----- Data for review

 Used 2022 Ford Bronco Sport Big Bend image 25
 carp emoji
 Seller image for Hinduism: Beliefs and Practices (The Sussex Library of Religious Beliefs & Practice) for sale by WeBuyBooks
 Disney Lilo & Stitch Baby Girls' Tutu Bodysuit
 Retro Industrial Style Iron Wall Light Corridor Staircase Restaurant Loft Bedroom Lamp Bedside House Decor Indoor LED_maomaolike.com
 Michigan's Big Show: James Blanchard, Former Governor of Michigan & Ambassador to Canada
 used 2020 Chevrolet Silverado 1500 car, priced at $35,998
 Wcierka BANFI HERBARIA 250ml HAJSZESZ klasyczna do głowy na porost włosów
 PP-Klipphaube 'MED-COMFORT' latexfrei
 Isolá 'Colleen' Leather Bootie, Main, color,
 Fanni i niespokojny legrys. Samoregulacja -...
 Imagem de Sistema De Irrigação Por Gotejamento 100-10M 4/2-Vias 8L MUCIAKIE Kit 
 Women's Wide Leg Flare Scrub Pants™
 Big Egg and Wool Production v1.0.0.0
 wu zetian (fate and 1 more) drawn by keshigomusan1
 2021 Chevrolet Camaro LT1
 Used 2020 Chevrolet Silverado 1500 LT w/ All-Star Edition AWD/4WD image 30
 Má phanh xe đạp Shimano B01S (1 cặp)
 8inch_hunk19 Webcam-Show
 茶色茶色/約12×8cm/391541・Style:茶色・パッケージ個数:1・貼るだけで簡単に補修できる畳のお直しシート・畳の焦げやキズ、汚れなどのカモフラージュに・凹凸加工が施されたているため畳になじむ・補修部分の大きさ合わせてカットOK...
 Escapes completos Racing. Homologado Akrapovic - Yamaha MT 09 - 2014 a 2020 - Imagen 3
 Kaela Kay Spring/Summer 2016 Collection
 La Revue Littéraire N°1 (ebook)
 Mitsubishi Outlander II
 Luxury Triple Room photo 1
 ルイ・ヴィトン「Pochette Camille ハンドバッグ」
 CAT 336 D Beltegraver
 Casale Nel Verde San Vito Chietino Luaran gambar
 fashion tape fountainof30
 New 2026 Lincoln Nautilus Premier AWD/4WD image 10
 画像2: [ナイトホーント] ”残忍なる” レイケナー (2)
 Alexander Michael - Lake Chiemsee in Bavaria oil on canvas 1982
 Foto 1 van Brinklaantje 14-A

----------

What is expected:
Output, exactly and with nothing else, the lines from the line containing "New 2026 Lincoln" to the end of the entries.

Exercise response:
 New 2026 Lincoln Nautilus Premier AWD/4WD image 10
 画像2: [ナイトホーント] ”残忍なる” レイケナー (2)
 Alexander Michael - Lake Chiemsee in Bavaria oil on canvas 1982
 Foto 1 van Brinklaantje 14-A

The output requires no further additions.